Given information: Begin

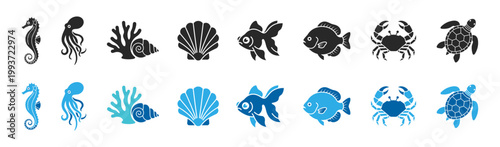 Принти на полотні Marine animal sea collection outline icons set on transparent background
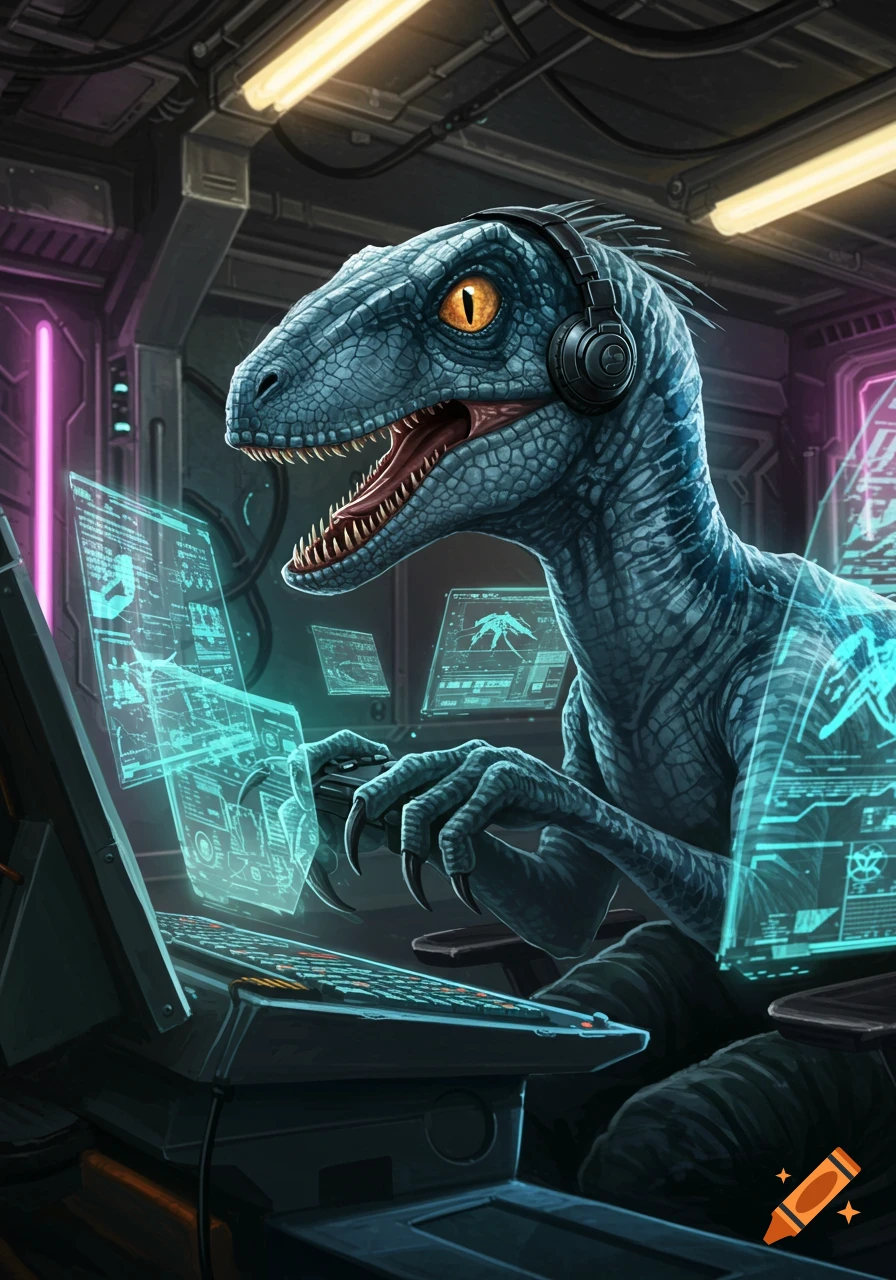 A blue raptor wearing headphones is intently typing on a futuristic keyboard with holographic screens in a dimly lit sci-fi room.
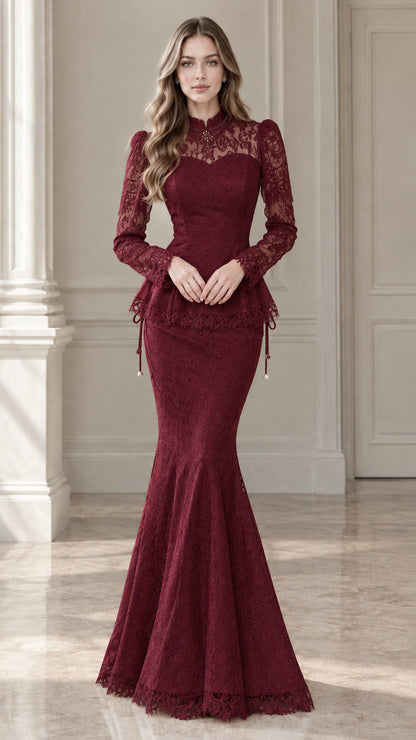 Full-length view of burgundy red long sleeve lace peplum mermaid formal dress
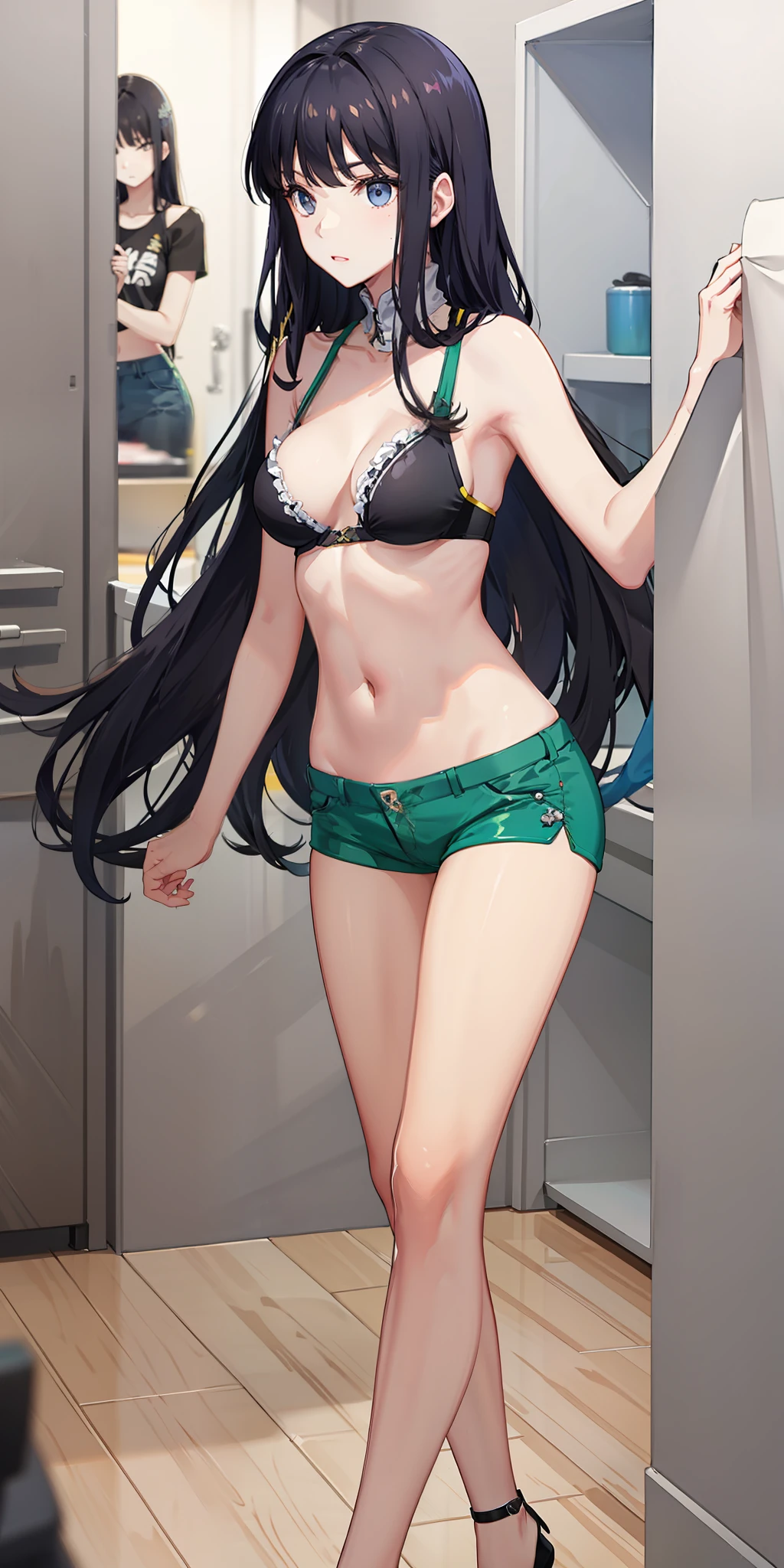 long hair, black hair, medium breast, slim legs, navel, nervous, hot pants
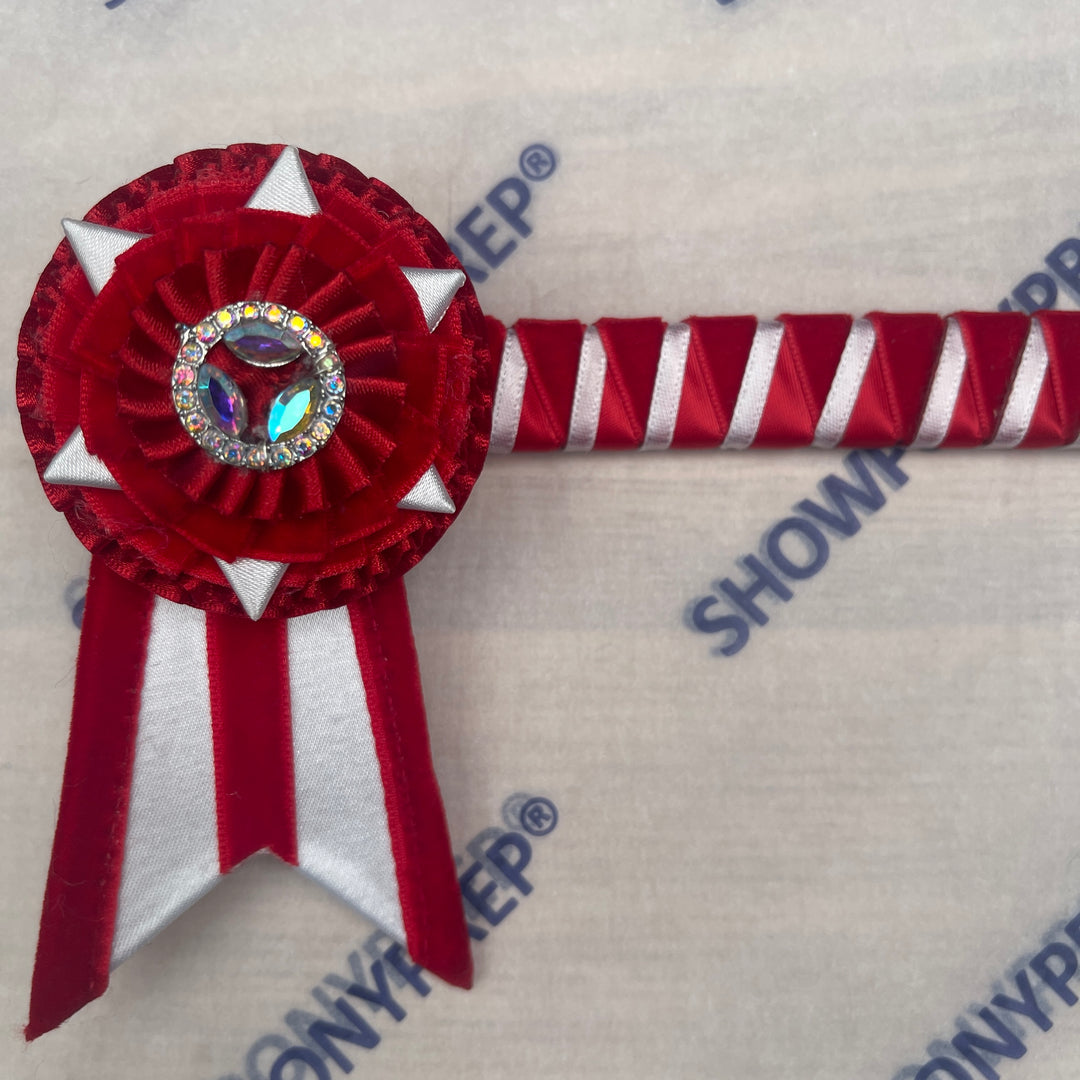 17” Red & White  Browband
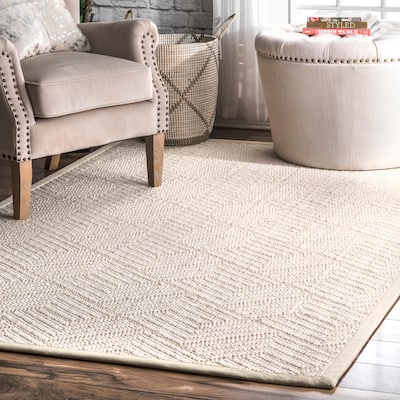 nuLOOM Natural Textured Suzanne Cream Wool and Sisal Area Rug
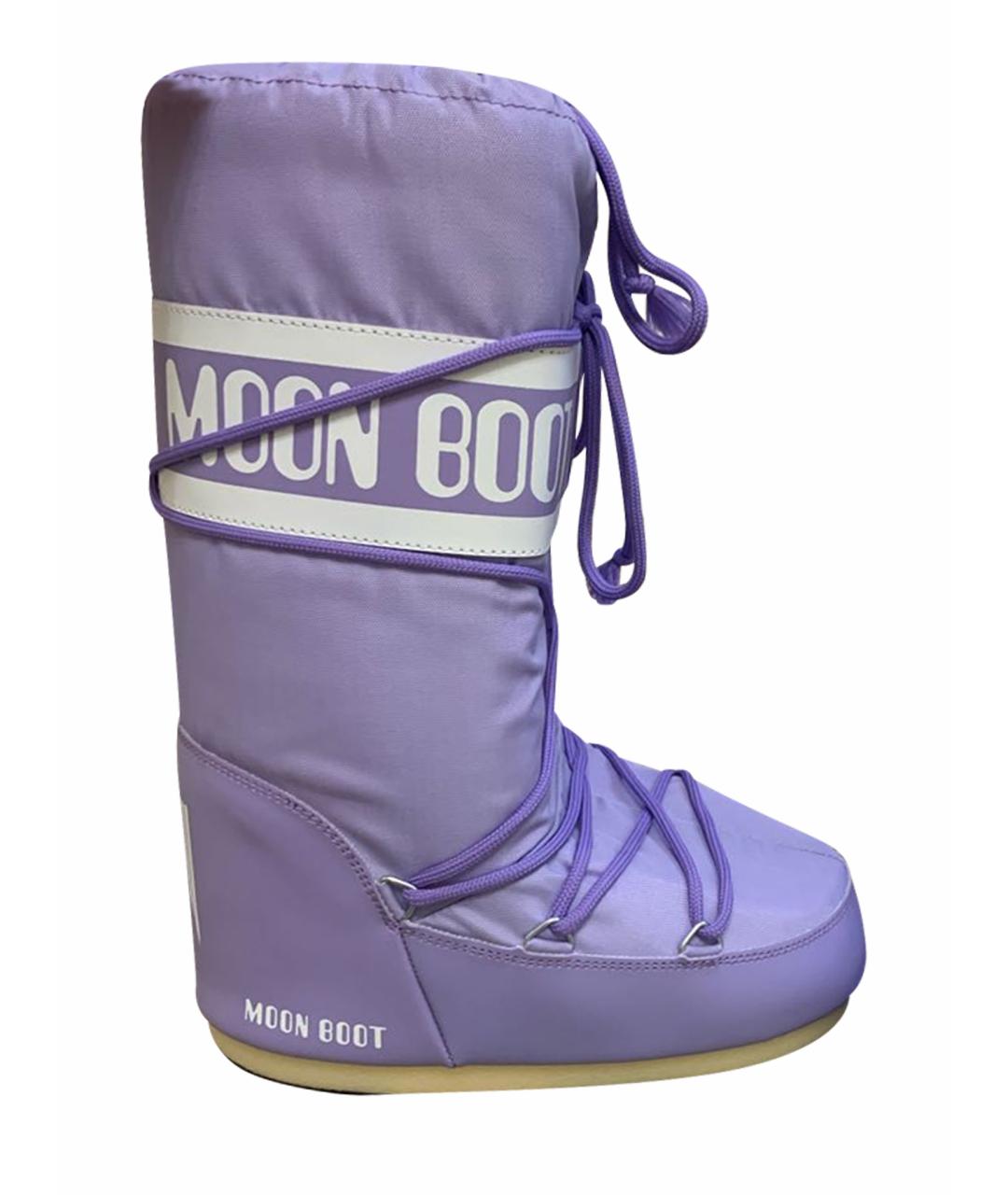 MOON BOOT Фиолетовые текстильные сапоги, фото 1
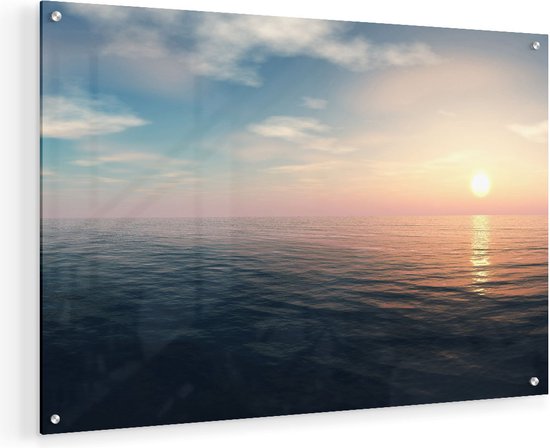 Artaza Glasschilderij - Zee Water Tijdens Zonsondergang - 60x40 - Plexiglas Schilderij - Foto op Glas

Given information: End

Your answer should be the lines from the line containing "long hair, black" through the end of the listing above, output exactly and alone, without the pictures.

 long hair, black hair, medium breast, slim legs, navel, nervous, hot pants
 17” Red & White  Browband
 nuLOOM Natural Textured Suzanne Cream Wool and Sisal Area Rug
 MOON BOOT Фиолетовые текстильные сапоги, фото 1
 Artaza Glasschilderij - Zee Water Tijdens Zonsondergang - 60x40 - Plexiglas Schilderij - Foto op Glas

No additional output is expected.